PolMine / polmineR

R-package for text mining with the Corpus Workbench (CWB) as backend
49 stars 9 forks source link

Cooccurrences()-method cannot process zero left and/or right context #117

Closed PolMine closed 4 years ago

PolMine commented 4 years ago

Not a problem if you just want to prepare term-cooccurrence matrices, but for phrase detection (bigram detection), this would be necessary.

PolMine commented 4 years ago

The problem of processzing zero values for left and/or right context had been adressed a while ago. This unit test checks whether everywhing works as expected.

test_that(
  "identity of phrase detection of decode-workflow and Cooccurrences workflow",
  {
    a <- corpus("GERMAPARLMINI") %>%
      decode(p_attribute = "word", s_attribute = character(), to = "data.table", verbose = FALSE) %>%
      ngrams(n = 2L, p_attribute = "word") %>%
      pmi(observed = count("GERMAPARLMINI", p_attribute = "word"))

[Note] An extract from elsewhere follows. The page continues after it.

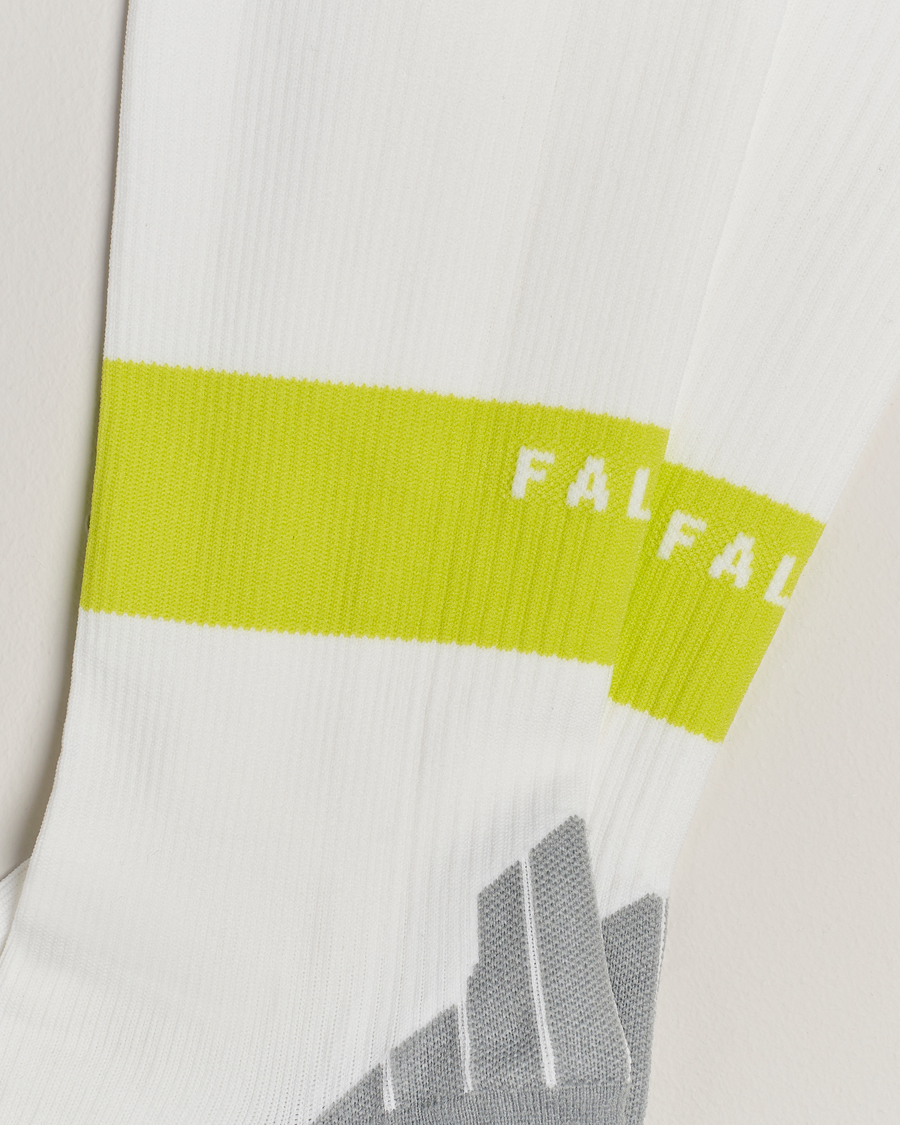 Herre | Undertøy | Falke | RU Compression Running Socks White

    b <- Cooccurrences("GERMAPARLMINI", p_attribute = "word", left = 0L, right = 1L, verbose = FALSE) %>%
      decode() %>%
      pmi()

    a_min <- subset(a, ngram_count == 5L) %>% slot("stat") %>% data.table::setorderv(cols = c("word_1", "word_2"))
    b_min <- subset(b, ab_count == 5L) %>% slot("stat") %>% data.table::setorderv(cols = c("a_word", "b_word"))

    expect_identical(nrow(a_min), nrow(b_min))
    expect_identical(a_min[["word_1"]], b_min[["a_word"]])
    expect_identical(a_min[["word_2"]], b_min[["b_word"]])
  }
)